Again, she did one of those looks that almost seemed like a fatalistic shrug.
"There are a lot of people who aren't happy with the empress and how she's running things right now. If they decided to go after everybody who had bad things to say about her, then they'd be rounding up a good chunk of the population. The empress wouldn't have the capacity to do that even if she got all the nobility loyal to her to help her out. Which they wouldn't since more than a few of them might be on the arrest list."
"I know some assholes back on Earth who tried to do exactly that, because they figured it was easier to round people up than it was to actually change what they were doing and make the people happy."
"Maybe so," she said. "But even the empress doesn't have that kind of power. Not right now. She probably won't for her entire reign with the way she's running things."
I thought about that.

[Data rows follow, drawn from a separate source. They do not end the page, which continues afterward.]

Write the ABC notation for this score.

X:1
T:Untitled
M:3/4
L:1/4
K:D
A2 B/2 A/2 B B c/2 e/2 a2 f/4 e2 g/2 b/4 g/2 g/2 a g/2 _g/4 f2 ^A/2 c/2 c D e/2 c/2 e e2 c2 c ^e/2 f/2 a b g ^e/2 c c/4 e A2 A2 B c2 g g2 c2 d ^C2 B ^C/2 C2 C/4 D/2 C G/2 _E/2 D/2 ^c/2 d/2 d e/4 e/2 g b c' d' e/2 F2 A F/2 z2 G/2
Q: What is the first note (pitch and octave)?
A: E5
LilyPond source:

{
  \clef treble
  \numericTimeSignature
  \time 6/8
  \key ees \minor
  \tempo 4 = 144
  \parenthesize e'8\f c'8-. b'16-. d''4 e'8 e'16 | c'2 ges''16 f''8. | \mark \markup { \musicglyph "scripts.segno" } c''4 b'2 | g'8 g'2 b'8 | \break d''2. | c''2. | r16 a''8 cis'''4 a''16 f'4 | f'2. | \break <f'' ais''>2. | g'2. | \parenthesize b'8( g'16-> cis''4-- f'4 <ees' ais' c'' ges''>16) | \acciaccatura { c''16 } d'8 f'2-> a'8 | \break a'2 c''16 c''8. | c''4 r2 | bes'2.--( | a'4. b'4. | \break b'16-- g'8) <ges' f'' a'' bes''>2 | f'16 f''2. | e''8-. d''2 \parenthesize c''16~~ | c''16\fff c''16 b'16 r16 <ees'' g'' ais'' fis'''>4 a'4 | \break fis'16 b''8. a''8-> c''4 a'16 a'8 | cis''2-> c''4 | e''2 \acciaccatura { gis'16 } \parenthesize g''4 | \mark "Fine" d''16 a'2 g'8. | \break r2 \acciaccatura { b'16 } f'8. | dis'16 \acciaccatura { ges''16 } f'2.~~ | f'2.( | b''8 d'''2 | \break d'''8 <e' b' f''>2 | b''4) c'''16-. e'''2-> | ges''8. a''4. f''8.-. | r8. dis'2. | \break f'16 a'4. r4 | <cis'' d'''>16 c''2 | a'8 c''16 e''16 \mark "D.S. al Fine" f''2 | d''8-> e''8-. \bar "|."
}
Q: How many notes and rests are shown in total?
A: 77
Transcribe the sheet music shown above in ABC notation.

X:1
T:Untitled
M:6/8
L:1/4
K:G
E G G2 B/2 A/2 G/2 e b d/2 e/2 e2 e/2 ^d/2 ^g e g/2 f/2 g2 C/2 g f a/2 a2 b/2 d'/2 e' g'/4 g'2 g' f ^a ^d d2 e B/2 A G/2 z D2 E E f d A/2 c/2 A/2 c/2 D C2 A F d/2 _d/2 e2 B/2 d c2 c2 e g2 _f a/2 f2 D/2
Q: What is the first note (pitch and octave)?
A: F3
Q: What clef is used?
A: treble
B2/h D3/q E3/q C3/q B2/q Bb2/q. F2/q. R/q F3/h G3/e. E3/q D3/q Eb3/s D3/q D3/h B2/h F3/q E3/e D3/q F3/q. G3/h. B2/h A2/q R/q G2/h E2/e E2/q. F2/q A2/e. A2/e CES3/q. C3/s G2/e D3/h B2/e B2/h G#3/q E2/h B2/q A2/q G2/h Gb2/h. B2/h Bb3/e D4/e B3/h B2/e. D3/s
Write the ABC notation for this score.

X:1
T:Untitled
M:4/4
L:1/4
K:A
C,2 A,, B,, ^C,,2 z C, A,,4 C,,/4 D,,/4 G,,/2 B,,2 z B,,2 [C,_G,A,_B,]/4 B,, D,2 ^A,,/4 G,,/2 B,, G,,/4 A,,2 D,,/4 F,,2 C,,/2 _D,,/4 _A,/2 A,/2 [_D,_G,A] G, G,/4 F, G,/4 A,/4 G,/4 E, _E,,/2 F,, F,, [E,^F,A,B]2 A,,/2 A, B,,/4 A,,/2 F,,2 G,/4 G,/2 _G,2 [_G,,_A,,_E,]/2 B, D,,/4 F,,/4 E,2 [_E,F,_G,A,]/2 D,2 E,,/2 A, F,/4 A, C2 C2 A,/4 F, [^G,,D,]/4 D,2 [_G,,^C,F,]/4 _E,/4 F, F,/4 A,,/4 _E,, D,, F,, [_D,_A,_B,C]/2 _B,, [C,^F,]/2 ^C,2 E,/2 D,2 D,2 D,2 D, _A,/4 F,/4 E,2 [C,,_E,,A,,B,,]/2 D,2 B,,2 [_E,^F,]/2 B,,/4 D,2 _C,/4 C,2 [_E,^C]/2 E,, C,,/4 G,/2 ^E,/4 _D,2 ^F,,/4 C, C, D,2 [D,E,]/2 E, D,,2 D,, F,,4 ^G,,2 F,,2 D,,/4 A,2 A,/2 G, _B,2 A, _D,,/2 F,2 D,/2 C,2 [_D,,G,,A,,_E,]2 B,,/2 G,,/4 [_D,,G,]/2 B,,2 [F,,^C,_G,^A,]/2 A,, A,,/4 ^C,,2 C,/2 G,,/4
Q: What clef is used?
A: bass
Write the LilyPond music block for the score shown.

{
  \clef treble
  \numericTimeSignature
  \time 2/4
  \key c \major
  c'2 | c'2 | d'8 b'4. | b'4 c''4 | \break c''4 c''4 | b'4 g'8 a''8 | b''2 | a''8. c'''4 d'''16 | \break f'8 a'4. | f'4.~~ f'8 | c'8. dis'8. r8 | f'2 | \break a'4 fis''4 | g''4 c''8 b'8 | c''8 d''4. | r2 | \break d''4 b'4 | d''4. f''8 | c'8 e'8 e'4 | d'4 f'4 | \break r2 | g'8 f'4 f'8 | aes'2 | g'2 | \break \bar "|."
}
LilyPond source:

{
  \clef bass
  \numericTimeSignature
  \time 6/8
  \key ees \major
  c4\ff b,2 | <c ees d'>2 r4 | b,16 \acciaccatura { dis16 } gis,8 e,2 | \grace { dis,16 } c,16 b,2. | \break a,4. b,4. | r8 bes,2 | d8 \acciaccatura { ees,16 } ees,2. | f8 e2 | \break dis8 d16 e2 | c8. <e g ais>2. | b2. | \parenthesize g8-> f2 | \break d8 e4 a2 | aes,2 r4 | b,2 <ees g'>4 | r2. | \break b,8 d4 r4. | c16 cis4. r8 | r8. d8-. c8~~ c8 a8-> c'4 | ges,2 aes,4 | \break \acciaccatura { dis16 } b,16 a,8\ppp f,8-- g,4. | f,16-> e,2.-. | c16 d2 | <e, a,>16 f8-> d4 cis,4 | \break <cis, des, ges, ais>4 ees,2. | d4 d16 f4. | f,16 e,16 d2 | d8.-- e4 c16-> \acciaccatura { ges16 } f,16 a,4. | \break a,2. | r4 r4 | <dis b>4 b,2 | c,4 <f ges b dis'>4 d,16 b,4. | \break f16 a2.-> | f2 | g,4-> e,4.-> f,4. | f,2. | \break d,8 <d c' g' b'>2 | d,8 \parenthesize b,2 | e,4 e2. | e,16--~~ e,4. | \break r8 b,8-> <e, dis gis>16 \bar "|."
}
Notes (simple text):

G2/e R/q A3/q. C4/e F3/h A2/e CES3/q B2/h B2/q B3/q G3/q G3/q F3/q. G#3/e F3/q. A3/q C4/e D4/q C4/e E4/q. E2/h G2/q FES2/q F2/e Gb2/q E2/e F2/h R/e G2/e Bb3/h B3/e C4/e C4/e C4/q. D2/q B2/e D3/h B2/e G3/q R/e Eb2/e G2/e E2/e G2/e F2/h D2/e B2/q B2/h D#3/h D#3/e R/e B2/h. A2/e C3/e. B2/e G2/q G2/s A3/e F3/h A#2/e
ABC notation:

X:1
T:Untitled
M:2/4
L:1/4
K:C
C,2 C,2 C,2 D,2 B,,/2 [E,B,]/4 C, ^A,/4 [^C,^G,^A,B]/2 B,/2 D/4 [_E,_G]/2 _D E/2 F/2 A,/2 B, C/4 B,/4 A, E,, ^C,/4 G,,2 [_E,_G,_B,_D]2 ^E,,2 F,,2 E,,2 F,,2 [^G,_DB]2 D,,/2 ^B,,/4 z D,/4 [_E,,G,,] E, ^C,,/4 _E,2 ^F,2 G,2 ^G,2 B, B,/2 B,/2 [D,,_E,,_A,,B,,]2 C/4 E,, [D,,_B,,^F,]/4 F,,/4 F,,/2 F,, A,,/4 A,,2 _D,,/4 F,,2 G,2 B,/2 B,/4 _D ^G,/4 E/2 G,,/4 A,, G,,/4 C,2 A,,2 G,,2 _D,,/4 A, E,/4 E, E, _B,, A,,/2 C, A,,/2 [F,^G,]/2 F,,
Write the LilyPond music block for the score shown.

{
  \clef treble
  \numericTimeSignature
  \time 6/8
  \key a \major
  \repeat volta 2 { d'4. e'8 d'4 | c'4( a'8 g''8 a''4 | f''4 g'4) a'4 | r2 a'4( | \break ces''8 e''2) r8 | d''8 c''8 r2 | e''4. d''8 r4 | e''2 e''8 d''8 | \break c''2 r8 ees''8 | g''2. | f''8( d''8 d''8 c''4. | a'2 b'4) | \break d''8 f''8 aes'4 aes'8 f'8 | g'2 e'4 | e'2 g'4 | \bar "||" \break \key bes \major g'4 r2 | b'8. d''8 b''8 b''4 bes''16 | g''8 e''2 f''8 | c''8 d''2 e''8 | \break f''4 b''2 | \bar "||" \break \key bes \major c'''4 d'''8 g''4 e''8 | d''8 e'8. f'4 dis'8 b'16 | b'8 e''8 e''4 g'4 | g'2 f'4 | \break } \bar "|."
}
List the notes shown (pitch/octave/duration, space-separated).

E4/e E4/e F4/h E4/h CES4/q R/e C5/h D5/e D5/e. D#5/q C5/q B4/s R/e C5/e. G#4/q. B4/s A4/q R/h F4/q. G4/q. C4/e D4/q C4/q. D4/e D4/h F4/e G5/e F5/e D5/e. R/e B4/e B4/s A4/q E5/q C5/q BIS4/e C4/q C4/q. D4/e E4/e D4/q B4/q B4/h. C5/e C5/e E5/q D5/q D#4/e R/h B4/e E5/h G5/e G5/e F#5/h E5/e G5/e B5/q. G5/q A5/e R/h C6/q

It was an interesting brick in the wall. One more thing to note as I came up with my little plan that might or might not go somewhere.
Varis had talked about how the empress had trouble projecting power. That she had to get the consensus of the nobility if she wanted to launch an attack or a war or anything like that.
She had a lot of power here locally in Imperial Seat, though. Something to keep in mind. There was something to be said about vast local power if you were currently residing in that locality. The crater I was trying to rescue people out of at the moment was proof enough of that.
Though apparently even that vast power wasn't enough to stop people from talking shit about her. Especially people who worked for a general who was publicly on the empress's shit list so they felt a little freer about saying that sort of thing.
I was editorializing and trying to connect the dots a little bit with that last bit of conjecture, but I figured it was probably pretty close to the truth.
I turned my attention back to the rescue operation. Crison was down on the loading ramp for the rescue ship, and he'd poked a hole in the shielding. One of his people had jumped inside the bomb shelter and was trying to herd people over to that exit.
There wasn't a lot of space between the loading ramp and the shielding, but it was enough space that somebody could potentially slip through. And there was one sequel trilogy of a fall waiting for them.
I wondered if the fall would kill them first, or if they'd hit something structural that'd survived the firestorm all around us, or maybe the fires and the heat and radiation would be enough to kill them.
Either way, it wouldn't be comfortable for the moment that they were on that ramp before they were pulled into the rescue ship.
But people were moving along. The person on the inside was tossing small livisk bodies at Crison, and he was catching them effortlessly. Probably because the power armor gave him a bit of an advantage.
"This is going pretty well," I said.
"Shit," Selii said from beside me. "You had to go and do it again."
I blinked, and then I moved to cover my mouth. Only my mouth was covered in armor, which wasn't something I was used to.
But there was something about what she said, something about her tone.
"What is it?" I asked, looking up instinctively.
I saw ships moving through the fires and the smoke and the hell all around us. At first I thought they were more of the rescue ships Harath was sending in to assist us, or maybe they were more of the fighter craft I'd ordered in here to cover the rescue ships.
There were flashes of light going off in the hellscape all around us too. In colors like blue and purple. The telltale sign of plasma cannons going off and hitting shielding.
Like someone was fighting in here.
A missile streaked through the air above us, and I ducked instinctively. For all that ducking wasn't going to do a damn bit of good if that missile decided to home in on me and punch my ticket.
All I could do was hope the livisk power armor I wore would be enough to stop it.
"We have incoming!" Selii said.
"William, there appears to be a problem down here," Arvie said.
"We've got problems up here, Arvie," I said as one of those fighter craft bearing the Imperial seal along its side dove straight for us. But then, with dawning horror, I realized it wasn't diving straight for us.
No, it was diving straight for the rescue ship.